The high-permittivity field plate 150 may be formed on the gate insulating film 140 above the drain extension region 124, as shown in FIG. 3B. In an embodiment, the high-permittivity field plate 150 is formed to surround both upper and side surfaces of the gate insulating film 140 surrounding the drain extension region 124. The high-permittivity field plate 150 may have a form surrounding all of the drain extension region 124.
In some embodiments, the high-permittivity field plate 150 may be formed by including at least one of silicon dioxide (SiO₂), hafnium oxide (HfO₂), silicon nitride (Si₃N₄), aluminum oxide (Al₂O₃), titanium dioxide (TiO₂), zirconium oxide (ZrO₂), tantalum oxide (Ta₂O₅), and lanthanum oxide (La₂O₃).
In an embodiment, the high-permittivity field plate 150 includes a material having a higher permittivity than silicon dioxide (SiO₂). In an embodiment, the high-permittivity field plate 150 includes or is a material having a high permittivity of 3.9 or more.
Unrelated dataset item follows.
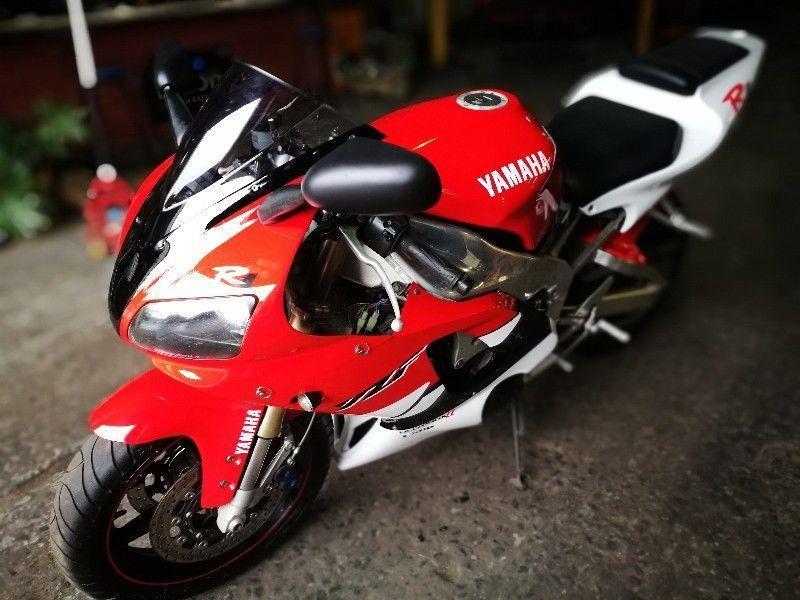 2000 Yamaha YZF-R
In an embodiments, the high-permittivity field plate 150 includes or is a material having a high dielectric constant in a range from about 3.9 to about 1600.
The double gate 160 may be formed on a portion of the gate insulating film 140. The double gate 160 may be formed on the gate insulating film 140 except for the drain extension region 124. In an embodiment, the double gate 160 does not overlap the drain extension region 124. The double gate 160 may include the first gate 160 a having a first work function and the second gate 160 b having a second work function that is less than the first work function.
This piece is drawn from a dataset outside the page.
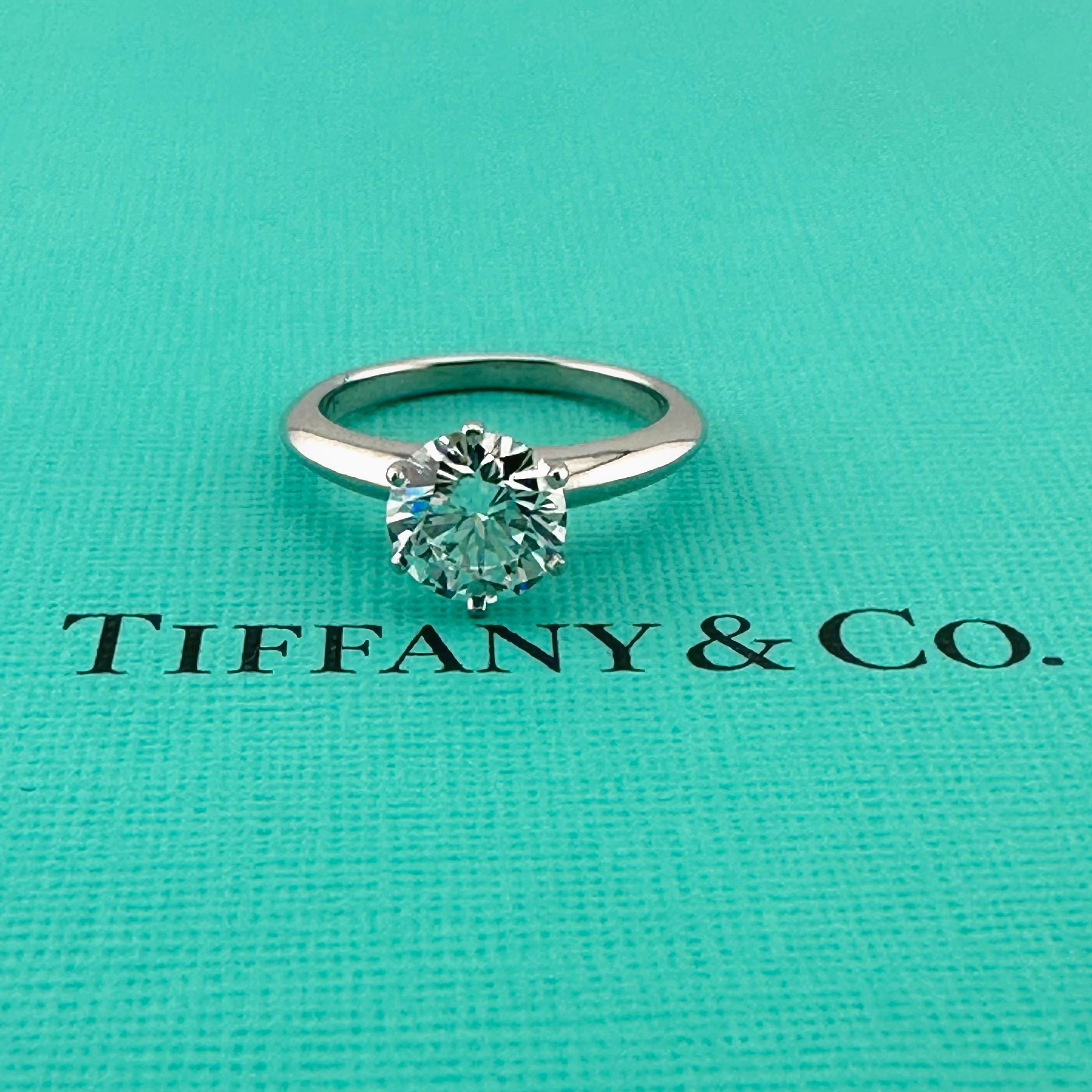 Tiffany & Co. Anello di fidanzamento con diamante tondo Brilliante 1,60 carati D VS2 PLAT in vendita 1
In an embodiment, the first gate 160 a and the second gate 160 b include different materials. In some embodiments, the first gate 160 a and the second gate 160 b may include the same material having different impurity doping concentrations, such as polysilicon. In some embodiments, the first gate 160 a and the second gate 160 b may include at least one of impurity-doped polysilicon, metal, or metal nitride.
In some embodiments, the first gate 160 a and the second gate 160 b may include at least one of titanium (Ti), tantalum (Ta), tungsten (W), molybdenum (M), titanium nitride (TiN), tantalum nitride (TaN), tungsten nitride (WN), molybdenum nitride (MoN), copper (Cu), gold (Au), and cobalt (Co).
In an embodiment, the first gate 160 a and the second gate 160 b have the same thicknesses T1. In addition, in FIG. 3B, although the first gate 160 a and the second gate 160 b are illustrated as being formed as a single layer, the first gate 160 a and the second gate 160 b may be formed as a multiple layer in which a plurality of materials described above are stacked. The contact electrode 170 may be formed on the source 121 and the drain 122. For example, a first contact electrode 170 may be formed on the source 121 and a second contact electrode 170 may be formed on drain 122.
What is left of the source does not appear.